Lockwood purchased primary insurance policies from Empire on an annual basis through 1977. Initially, the policy provided coverage for Gerald Lockwood, M.D., in the amount of $100,000 for each claim and $300,000 aggregate coverage (100/300). Effective April 21, 1970, by endorsement, the limits under this policy were increased to $500,000 for each claim and $500,000 aggregate coverage (500/500). The limits were raised at this time in order to comply with Continental’s umbrella insurance policy requirement that underlying primary medical malpractice coverage of 500/500 be maintained for its $1,000,000 umbrella policy-

Continental’s policy commenced April 21, 1970, and expired April 21, 1973. Lockwood specifically ordered the professional liability policy, not the basic policy, from Continental. However, the professional liability supplement ordered was not delivered to Lockwood. Lockwood was billed for the premium for professional liability coverage.

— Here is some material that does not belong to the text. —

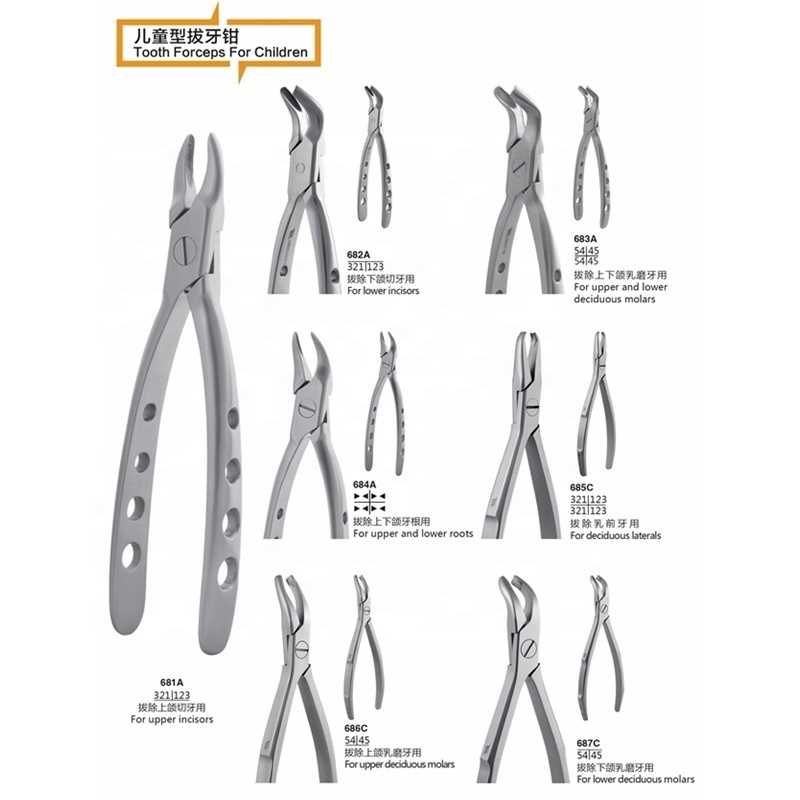 quality warranty dental instruments adult and children extraction forceps of dentist equipment from China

During the term of Continental’s policy, on December 1,1971, Empire notified Lockwood that it could no longer offer the 500/500 coverage and Empire’s coverage was reduced to 100/300. On December 1, 1971, Lockwood purchased a new policy from Empire which added his professional corporation, Lockwood, M.D., P.C., as a named insured, but which also provided only 100/300 policy limits. Thus, halfway through the term of Continental’s umbrella policy, Lockwood had only 100/300 policy *389 limits although Continental required 500/500 primary insurance coverage.

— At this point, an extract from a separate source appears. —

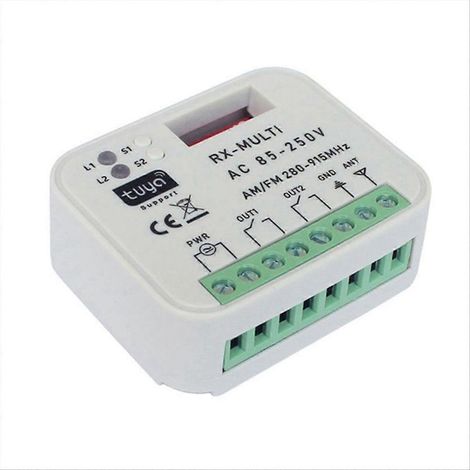 Intelligenter WLAN-Multifrequenz-Universalempfänger, Fernbedienungsrelais, Tuya-Garagentoröffner, Hausautomation T (1/5)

Lockwood elected not to renew Continental’s policy because of its requirement of 500/500 underlying limits, and instead obtained a $1,000,000 umbrella policy from St. Paul which required primary coverage of the 100/300 type only, as provided by Empire. St. Paul’s policy commenced April 21, 1973, and expired April 21, 1974. When St. Paul’s policy expired, it was replaced with a similar $1,000,000 umbrella policy issued by Chicago which was in effect until April 21, 1977.

Continental filed this action on May 26, 1978, to determine the respective rights and responsibilities of the insurance carriers, Lockwood, Lockwood, P.C., and Shelly and Randy Peek, individually, and as next friends of Gary Peter Peek. Lockwood filed counterclaims and cross-claims against the insurance companies, and a third-party complaint against his insurance agent. All parties, with the exception of the insurance companies, settled prior to trial.

In January 1980, the trial court granted summary judgment in favor of St. Paul. The trial was bifurcated; phase one concerned the issues of medical negligence and causation, and phase two addressed the question whether Continental had waived or was estopped from asserting that Lockwood’s failure to maintain the underlying limits required by its policy suspended its professional liability coverage.

At the conclusion of the medical phase of the trial, the jury determined that Lockwood had performed four separate acts of negligence which were proximate causes of the injury sustained by Gary Peter Peek.